Bambú vs Acero

Durante estos días me acuerdo muchísimo de la primera vez que pisé Hong Kong. Era el año 2000 y una de las cosas que más me sorprendió en aquella ciudad alucinante donde a las 8 de la tarde los rascacielos de Central hacían su propio show con todo tipo de iluminaciones era que, precisamente, los rascacielos no se construían con andamios rígidos de acero, sino con entramados de bambú. “Son estructuras mucho más ligeras y flexibles y, por lo tanto, mucho mejores para construir edificios resistentes”, me explicó una persona local. Y, teniendo en cuenta que Hong Kong es la aglomeración urbana más alta del mundo, diría que su autoridad en el tema de la construcción de rascacielos es algo más que contrastado.

En la construcción, la flexibilidad es una fortaleza. Solo tenemos que ver la evolución en el diseño de edificios en las zonas con tendencia a sufrir seísmos. Las estructuras se conciben pensando en los potenciales impactos que recibirán y siendo conscientes que los fenómenos que atacarán cada edificio son de naturaleza dinámica. Así pues, los edificios se diseñan y construyen sabiendo que deberán adaptarse a las fuerzas de la naturaleza a las que están expuestos para sufrir los mínimos daños y, en caso de que éstos se produzcan, que sean fáciles de reparar. Amortiguación, torsión y ductilidad son conceptos claves en el diseño de este tipo de edificios hechos para resistir altos niveles de vibración.

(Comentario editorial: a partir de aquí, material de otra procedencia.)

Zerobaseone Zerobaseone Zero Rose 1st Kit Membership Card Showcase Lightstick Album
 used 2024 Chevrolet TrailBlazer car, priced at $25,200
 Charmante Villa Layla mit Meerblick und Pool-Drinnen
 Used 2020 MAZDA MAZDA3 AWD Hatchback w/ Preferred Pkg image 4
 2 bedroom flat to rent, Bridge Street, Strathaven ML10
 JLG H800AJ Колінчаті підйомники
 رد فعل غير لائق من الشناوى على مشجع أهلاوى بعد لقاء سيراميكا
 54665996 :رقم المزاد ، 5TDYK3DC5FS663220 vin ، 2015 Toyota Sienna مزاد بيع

Sería interesante aplicar esta mentalidad al diseño y construcción de organizaciones en un entorno donde es más que evidente que vivimos expuestos a impactos planetarios de todo tipo. La rigidez (de materiales, de diseño, de estructuras) nunca ha ayudado a crear un edificio que tenga más posibilidades de sostenerse ante la adversidad. Tampoco va a ayudar a empresas ni instituciones a ser más longevas ni a dar mejor servicio a su usuario final, más bien al contrario. En el momento de la verdad,  las robustas organizaciones monolíticas se derrumbarán cual castillo de naipes.

Sin duda, es buen momento para olvidar los andamios de acero y echar mano del bambú. No desaprovechemos esta oportunidad para crear organizaciones más flexibles y, a la vez, resistentes.

3 Comentarios
  • Verónica

    2 abril, 2020 at 10:31 am Responder

    Emma me encanta lo que escribes!!!!!
    Deberías escribir mucho más!!!
    Cuídate,
    Verónica

  • Juan Carlos López Cuevas

    2 abril, 2020 at 2:23 pm Responder

    Genial !!!!

  • Lluís Bejiga

    3 abril, 2020 at 9:39 pm Responder

    interesante metáfora.. que nos sirva de guía para todo lo que viene post confinamiento, gracias EMMA, como siempre un placer seguirte.